Ateliers, conférences, témoignages de terrain et d’experts… Comment repenser nos relations en milieu professionnel ? Retour sur l’événement «Cap sur la santé mentale, bilan et perspective pour l’emploi», qui s’est tenu du 19 au 21 novembre à Paris.
Philippa Motte est autrice et formatrice en entreprise sur les enjeux de santé mentale. Elle est également «pair-aidante», c’est-à-dire une personne concernée qui utilise son expérience pour accompagner ou soutenir des personnes vivant une expérience similaire. Dans ce cadre, elle développe et coordonne au sein de l’association Les ailes déployées, une plateforme de service (Orpairs), qui fait intervenir des pairs-aidants dans des hôpitaux de jour et des structures médico-sociales. Son livre Et c’est moi qu’on enferme est paru en mai 2025 aux éditions Stock (Libération l’avait rencontrée à cette occasion).
Vous parlez de la santé mentale en entreprise comme d’un sujet incontournable qu’il faut adresser de manière constructive et dédramatisée, pour quelle raison ?
Nous sommes tous et toutes concernés, c’est factuel. Beaucoup de personnes le sont soit directement, soit à travers leurs proches. On estime qu’une personne sur quatre sera touchée à un moment dans sa vie par un trouble psychique au sens médical du terme, c’est-à-dire qui demande des soins. Comme toute souffrance affecte toujours la manière de travailler. Les entreprises y sont donc confrontées. C’est la première cause d’invalidité et la deuxième d’arrêt de travail. Cela a donc un impact humain et financier qui oblige à se poser la question de la prévention et l’accompagnement au sein du travail.
Vous accompagnez les entreprises depuis 2010 et vous avez remarqué une évolution positive, comment cela se manifeste-t-il ?
Le terme de santé mentale fait de moins en moins débat déjà. On se demande comment se former sur ces thématiques. Ce n’était pas le cas avant. Des entreprises montrent une volonté de donner accès à leurs salariés à une information régulière avec des webinaires de sensibilisation sur la santé mentale au travail. Certaines donnent également accès aux managers à des formations complémentaires sur certains troubles, comme la dépression, l’anxiété, la bipolarité, le risque suicidaire etc. Pour s’assurer que les recommandations faites pendant la formation soient appliquées, elles mettent en place une organisation en interne, cela devient ainsi très concret.
Certains clichés empêchent l’inclusion en entreprise, mais c’est également le cas dans les soins. De quelle manière ?
Pendant longtemps, soigner signifiait réduire les symptômes ou les faire disparaître, or un diagnostic n’est pas suffisant et parfois les traitements sont très lourds. On ne vit pas pour se soigner. Il faut faire l’inverse, soigner au service de la vie. Ce qui évolue, c’est que l’on prend en compte la philosophie du rétablissement : ce que ça engendre pour la personne, on se pose la question de son devenir, on soutient l’espoir du rétablissement, on croit en ses capacités. Ce sont les clés pour donner aux personnes concernées le pouvoir d’agir. Et puis, pendant longtemps on a considéré que les personnes avec des troubles psychiatriques sévères ne pouvaient pas travailler, aujourd’hui on remet le travail au centre des préoccupations, il devient un levier de rétablissement.

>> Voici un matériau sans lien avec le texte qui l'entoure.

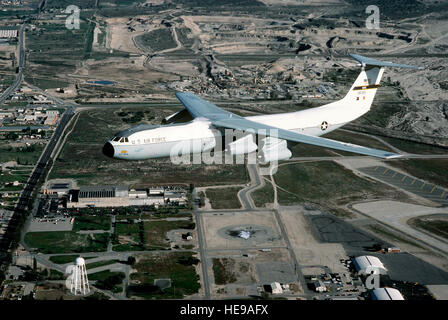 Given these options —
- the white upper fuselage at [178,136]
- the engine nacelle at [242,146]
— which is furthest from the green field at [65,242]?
the engine nacelle at [242,146]

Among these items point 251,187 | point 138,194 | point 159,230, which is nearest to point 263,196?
point 251,187

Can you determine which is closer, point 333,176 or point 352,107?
point 352,107

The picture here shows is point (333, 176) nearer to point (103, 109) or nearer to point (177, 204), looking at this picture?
point (177, 204)

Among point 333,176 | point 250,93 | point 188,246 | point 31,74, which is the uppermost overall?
point 31,74

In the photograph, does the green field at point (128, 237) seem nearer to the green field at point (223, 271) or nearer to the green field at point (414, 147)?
the green field at point (223, 271)

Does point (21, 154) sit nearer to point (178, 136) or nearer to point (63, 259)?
point (63, 259)

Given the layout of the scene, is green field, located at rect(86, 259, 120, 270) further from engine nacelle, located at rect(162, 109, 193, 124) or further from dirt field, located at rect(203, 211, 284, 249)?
engine nacelle, located at rect(162, 109, 193, 124)

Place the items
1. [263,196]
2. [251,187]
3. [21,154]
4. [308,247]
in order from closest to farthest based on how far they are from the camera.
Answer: [308,247]
[263,196]
[251,187]
[21,154]

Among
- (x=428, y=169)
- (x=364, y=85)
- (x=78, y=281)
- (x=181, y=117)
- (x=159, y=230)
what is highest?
(x=364, y=85) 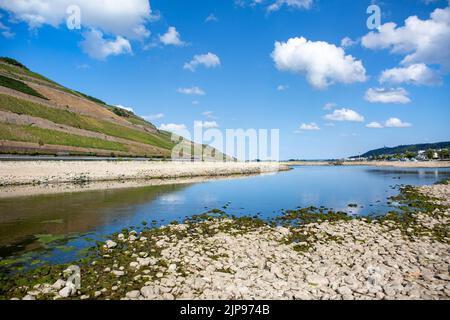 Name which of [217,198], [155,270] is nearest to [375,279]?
[155,270]

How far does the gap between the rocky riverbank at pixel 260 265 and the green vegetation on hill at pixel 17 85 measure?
11414 cm

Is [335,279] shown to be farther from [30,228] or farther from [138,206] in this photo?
[138,206]

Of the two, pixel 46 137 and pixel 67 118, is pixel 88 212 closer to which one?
pixel 46 137

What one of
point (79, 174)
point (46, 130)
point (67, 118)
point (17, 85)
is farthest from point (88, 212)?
point (17, 85)

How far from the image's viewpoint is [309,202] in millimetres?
29844

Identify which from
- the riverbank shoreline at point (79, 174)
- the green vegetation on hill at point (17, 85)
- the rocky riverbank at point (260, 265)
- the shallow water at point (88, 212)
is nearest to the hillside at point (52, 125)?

Soigner, c’est aussi développer des stratégies personnelles. Pour moi, le sport est un allié de taille, je pratique la méditation, j’apprends à me connaître sur le plan émotionnel et à réguler mes perceptions et émotions. Il n’y a plus rien chez moi qui est de l’ordre du trouble bipolaire dans mon fonctionnement, mais ça a pris du temps, il y a eu des rechutes.

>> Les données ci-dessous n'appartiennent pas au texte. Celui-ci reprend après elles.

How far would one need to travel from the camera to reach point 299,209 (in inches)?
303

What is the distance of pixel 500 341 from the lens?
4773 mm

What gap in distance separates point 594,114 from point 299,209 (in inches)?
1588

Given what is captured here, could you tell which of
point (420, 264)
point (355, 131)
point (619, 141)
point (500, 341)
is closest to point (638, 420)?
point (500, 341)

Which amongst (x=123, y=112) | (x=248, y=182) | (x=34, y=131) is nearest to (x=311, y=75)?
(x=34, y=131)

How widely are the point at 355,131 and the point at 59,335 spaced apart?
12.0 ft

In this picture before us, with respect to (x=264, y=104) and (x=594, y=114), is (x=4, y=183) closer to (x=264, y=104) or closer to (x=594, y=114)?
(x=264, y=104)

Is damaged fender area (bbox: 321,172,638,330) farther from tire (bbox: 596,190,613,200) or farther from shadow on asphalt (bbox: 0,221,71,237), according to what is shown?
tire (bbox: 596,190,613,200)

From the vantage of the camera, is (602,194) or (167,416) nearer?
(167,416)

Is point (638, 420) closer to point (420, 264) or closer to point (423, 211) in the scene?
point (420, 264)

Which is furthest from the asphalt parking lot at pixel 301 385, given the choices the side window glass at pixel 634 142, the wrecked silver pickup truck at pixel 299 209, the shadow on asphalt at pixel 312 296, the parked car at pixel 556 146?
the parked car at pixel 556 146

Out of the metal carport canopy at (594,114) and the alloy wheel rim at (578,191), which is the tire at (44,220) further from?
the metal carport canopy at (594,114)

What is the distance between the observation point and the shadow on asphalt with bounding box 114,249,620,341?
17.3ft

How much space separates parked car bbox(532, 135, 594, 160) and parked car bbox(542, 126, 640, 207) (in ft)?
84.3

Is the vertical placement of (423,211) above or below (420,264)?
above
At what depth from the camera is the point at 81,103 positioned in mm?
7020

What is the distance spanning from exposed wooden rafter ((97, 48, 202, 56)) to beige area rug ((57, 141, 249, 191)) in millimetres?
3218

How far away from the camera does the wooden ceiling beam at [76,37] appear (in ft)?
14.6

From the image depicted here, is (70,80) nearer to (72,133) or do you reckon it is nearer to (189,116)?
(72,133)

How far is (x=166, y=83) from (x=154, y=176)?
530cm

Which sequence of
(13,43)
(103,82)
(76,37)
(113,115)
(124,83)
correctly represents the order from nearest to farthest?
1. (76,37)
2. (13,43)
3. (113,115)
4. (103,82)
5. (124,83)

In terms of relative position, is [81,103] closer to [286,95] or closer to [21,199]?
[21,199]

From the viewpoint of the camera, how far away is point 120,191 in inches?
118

Vous soulignez aussi ce que le trouble psychique apporte, sans romantiser…
Oui. C’est une épreuve, c’est long et douloureux, mais je reconnais que lorsqu’on avance sur le chemin du rétablissement on récolte quelques trésors. Il y a beaucoup d’apprentissages précieux. Je me suis rendu compte que les gens de notre société ont en horreur leur propre fragilité. Pourtant c’est le propre de l’être humain, la condition humaine est fragile. La faculté de respecter notre fragilité est déterminante car cela permet de la surmonter. Si on n’accepte pas, c’est douloureux car cela attaque la confiance et l’estime de soi, cela empêche d’être soi. La maladie psychique m’a permis de comprendre ça, de l’intégrer. Et aujourd’hui, je le transmets, c’est une chance.